Bugün bayram.
Her bayram sabahı heyecanlanırım ben. Ufacık çocuk gibi kıyafetlerimi hazırlarım geceden. Bir de güzel tararım saçlarımı... Bu bayramsa diğerlerinden çok farklı. Bu bayram; güneş parlamıyor, kahvaltı kokusu gelmiyor, rüzgar esmiyor, yüzler gülmüyor... Yüzde anlamsız bir ifade fakat kalp ağlıyor, çok acıyor. Ama tek teselli milyonlarca insanın da aynı şeyi hissetmesi. Tam 30 milyon.
Belki yine sokakta çocuklar koşturacak, ama içlerinden birisi hep ağlayacak... Onun, yüreğini kaplamış ki çoktan Fener sevgisi.. O gülemeyecek. Kalbine, kalbindeki sevgiye hançer saplayanlar, mesai saati boyunca tek aşkını, Fenerbahçesini karalayanlar, akşam olduğunda evde göbeğini kaşıyanlar çıkaracak bayramın tadını. Babası bildiği başkanını soğuk demirlere boğanlar gülcek, eğlenecek bayramda... O çocuk yalnızca, "Bayram gelmiş neyime..." diyen ve bu mirası aldığı babasının sözlerine anlam verecek, verebilcek.
Gollerini göz yaşlarıyla izlediği futbolcuların istemsiz gidişlerini, aynı masum yaşlarla izleceyek televizyonlardan. "Parasız da oynarız" diyen ağabeylerini duyunca kabaracak, gururlanacak küçücük göğsü. Belki minik sarı bir şekerde arayacak kaybolmuş hayatın tadını ama nafile.. Hiç bir şey zaferin bıraktığı tadı bırakamayacak ağzına. Ve o şeker, ona yalnızca ufak bir ümit olacak... El öpmeyecek.
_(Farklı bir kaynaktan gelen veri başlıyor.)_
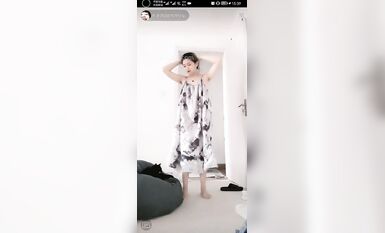 重磅 抖音直播技術性走光 熱舞 露底 美女雲集 (15)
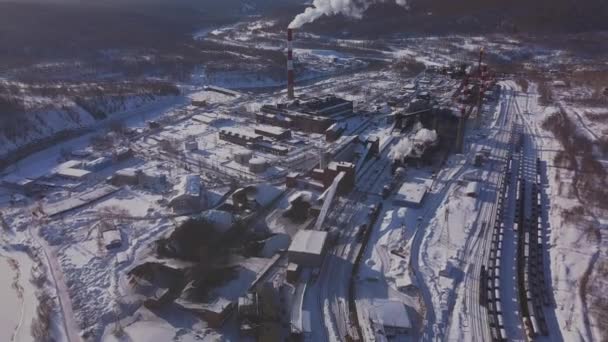 Une Usine Émettant Vapeur Fumée Dans Atmosphère Causant Pollution Vue — Video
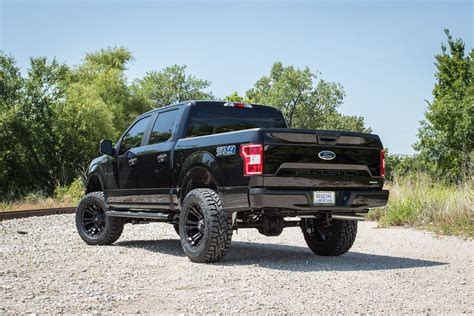 Pro Comp Lift On A 2018 Ford F 150 Installed Low Price In Dallas Texas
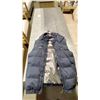 Image 4 : PAIR OF HEATIT.CA PUFFER STYLE RECHARGEABLE BATTERY OPERATED HEATED VESTS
Pazar günü Cadde'de haykırdığı bestelerin verdiği mağrurluğu, özgüveni kaybetmemek istercesine...
Sabah uyandığında ailesine yalnızca şunu diyecek, ya da onu bile diyemeyecek:
İyi Bayr.... neyse.
Tuğçe Kuru
Bayram mış
Sonun Başlangıcı
Bir şey var bizde bize ait olmayan. Çok derinlerde gibi ama çok da cana yakın. İçerden acıtıyor bizi. aldığımız nefes, içtiğimiz su hep bir başkasının gibi. Sanki hep bizimmiş ama bizden koparılmış gibi. kalbimiz sökülmüş ama kalbimizin yerindeki aşk kazınmak isteniyormuş gibi kanatarak, acıtarak, yırtarak...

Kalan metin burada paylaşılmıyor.